Whether you're searching for a fund because you have your own fun money account, or because you just don't buy the indexing philosophy, there are some screens you can apply to your search that may ever-so-modestly increase your odds of success.
Obviously the first thing you'll want to consider is expenses. A few months ago I wrote that investors should limit their search to funds with expense ratios that are 50 to 75 percent of their category averages, and that's as high as I'll go. I don't care how compelling a manager's track record is, the correlation between below-average costs and above-average returns is too strong to ignore. Keeping costs as low as possible is essential.
Secondly, I consider the manager. A long track record of relative success is important, certainly, but only part of what I look at. How much are they turning over their portfolio? Again, I look for a turnover rate that's about half the industry's average, which rules out any fund with a rate of more than 50 percent or so. Keeping turnover low keeps turnover expenses in check, and also minimizes any taxes I might owe.
I also like to read what the manager was telling shareholders during the rough patches. Over the long-term, there will inevitably be periods in which even the best fund managers struggle, so I go back and read the fund's annual reports for the years in which the fund performed poorly. In those times, I want someone who communicates clearly and candidly about what went wrong and why -- not excuses about how his or her brilliance was thwarted. To a certain extent this is subjective, but in my experience someone feeding you a line of, um, horsepucky, is much like Supreme Court Justice Potter Stewart's line about obscenity: it's hard to define, but I know it when I see it.
Finally, I consider the character of the fund organization: do they seem to consider themselves stewards of their investors' assets, or are their customers merely sheep to be fleeced? Here, actions speak far louder than words.
Do they bring out funds that seek to capitalize on the investment fad of the day, or do they stick to their own market niche? Do their funds' expense ratios fall as assets increase, or do they keep all the economies of scale to themselves? Do they let funds grow exponentially, maximizing their own revenue, or do they close them to protect current shareholders?
Fund closings are particularly illustrative of an organization's character. Obviously, fund managers are not big fans of closing their funds to new investors, because doing so deprives them of higher management fees. But closing a fund provides a great deal of protection to current shareholders, because the larger a fund gets, the smaller the universe of stocks that the manager can choose from. History is rife with funds that provided stellar returns when it was small and nimble, only to falter badly when assets swelled.

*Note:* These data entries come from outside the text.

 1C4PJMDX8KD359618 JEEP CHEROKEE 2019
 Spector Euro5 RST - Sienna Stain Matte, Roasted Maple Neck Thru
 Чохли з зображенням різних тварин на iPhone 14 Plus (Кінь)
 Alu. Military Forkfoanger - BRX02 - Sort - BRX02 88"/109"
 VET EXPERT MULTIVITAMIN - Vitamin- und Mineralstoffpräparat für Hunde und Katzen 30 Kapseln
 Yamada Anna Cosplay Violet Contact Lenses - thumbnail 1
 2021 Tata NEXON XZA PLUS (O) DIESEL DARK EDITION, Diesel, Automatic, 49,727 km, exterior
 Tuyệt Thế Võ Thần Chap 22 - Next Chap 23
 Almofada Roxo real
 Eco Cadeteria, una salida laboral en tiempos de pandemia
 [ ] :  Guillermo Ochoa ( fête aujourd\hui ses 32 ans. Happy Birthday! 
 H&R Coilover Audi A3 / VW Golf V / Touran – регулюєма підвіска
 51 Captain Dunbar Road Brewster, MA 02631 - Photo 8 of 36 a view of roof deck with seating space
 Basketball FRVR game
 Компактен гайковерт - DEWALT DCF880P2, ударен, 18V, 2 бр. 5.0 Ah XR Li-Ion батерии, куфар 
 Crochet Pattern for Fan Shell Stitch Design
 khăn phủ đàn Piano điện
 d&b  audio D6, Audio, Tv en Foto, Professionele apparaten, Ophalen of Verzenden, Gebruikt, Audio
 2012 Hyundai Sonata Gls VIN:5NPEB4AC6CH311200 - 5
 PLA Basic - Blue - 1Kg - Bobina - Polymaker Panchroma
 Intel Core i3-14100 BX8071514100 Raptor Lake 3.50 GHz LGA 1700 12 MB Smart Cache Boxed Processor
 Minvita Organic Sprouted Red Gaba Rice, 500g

So while I'd never consider buying a fund from an organization that never closed a fund, neither would I purchase one from firms that announce fund closings weeks or months in advance. An announcement from a manager that they're closing a popular fund four or five weeks from now tells me one thing: they're trying to accumulate as many assets as possible in the interim to boost their revenues. If a fund needs to be closed to protect shareholders, the only proper thing to do is to close it immediately. Plain and simple.
No, I don't suffer from the delusion that the above criteria materially increase the odds of success in my fun money account. The screens above are simple common sense, and, honestly, they do nothing more than help you separate the managers who try to keep your interests in mind from those who are more worried about their own bottom line.
But even if you are able to identify managers whose motives are pure, the fact remains that, motives aside, their odds are success remain quite long. Which is why I'm not willing to bet the achievement of my long-term goals on my manager selection skills. But there's nothing wrong with having a bit of fun with a small portion of your account along the way, is there?